Le ministre évoque une hypothèse très alarmiste concernant l’élection présidentielle de 2024 aux USA, sans préciser quel candidat et quel parti il évoque. Il se réfère ainsi à des indications venues de Washington, des milieux bureaucratiques militaires, – qui, eux aussi, évoquent une perspective post-2024 extrêmement dangereuse, quel que soit l’élu. Selon notre point de vue, il s’agit d’indications venues directement de milieux militaires US (le Pentagone), qui semblent décidés à abandonner le soutien à l’Ukraine pour concentrer ce qu’il reste de forces aux USA dans la région Asie-Pacifique.

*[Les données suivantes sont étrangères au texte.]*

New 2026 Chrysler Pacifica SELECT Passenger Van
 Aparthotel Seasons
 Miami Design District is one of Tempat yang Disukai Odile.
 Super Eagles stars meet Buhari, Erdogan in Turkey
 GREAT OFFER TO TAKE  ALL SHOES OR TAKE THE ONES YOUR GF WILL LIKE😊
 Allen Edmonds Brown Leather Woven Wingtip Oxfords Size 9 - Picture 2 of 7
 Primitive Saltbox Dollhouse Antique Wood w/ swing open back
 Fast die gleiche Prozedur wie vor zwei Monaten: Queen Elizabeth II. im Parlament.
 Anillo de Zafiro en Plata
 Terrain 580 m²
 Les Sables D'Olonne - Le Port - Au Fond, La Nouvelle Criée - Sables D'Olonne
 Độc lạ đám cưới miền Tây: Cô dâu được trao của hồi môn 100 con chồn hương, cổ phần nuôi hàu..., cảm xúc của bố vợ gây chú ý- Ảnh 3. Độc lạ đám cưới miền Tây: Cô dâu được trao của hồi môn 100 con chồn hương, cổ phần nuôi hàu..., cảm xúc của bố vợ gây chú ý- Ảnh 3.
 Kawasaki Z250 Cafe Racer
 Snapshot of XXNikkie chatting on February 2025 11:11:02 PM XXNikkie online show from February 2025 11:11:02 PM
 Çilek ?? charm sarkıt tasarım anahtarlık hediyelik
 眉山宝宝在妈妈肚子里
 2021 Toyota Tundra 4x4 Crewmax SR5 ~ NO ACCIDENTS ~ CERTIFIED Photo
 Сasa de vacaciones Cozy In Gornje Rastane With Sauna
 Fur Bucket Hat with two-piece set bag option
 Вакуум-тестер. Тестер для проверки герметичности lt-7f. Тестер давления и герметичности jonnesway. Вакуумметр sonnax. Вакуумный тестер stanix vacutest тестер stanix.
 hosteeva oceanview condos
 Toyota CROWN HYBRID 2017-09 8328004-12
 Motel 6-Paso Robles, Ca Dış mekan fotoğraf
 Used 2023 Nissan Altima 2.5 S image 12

La campagne pour les présidentielles pourrait effectivement fournir l’occasion d’un tel revirement, toujours selon les milieux militaires, notamment en torpillant l’influence des neocon.

Voici donc les plaintes angoissées du ministre allemand de la défense, qui semble avoir été sérieusement chapitré par ses propres militaires. (Le ministre Pistorius a été récemment nommé, pour remplacer, pour cause de scandale, la ministre initialement désignée. Il semble que les militaires ont profité de ce changement forcé pour favoriser la nomination d’une personnalité sensible à leur cause qui est nettement de prendre toute la distance possible du conflit ukrainien.)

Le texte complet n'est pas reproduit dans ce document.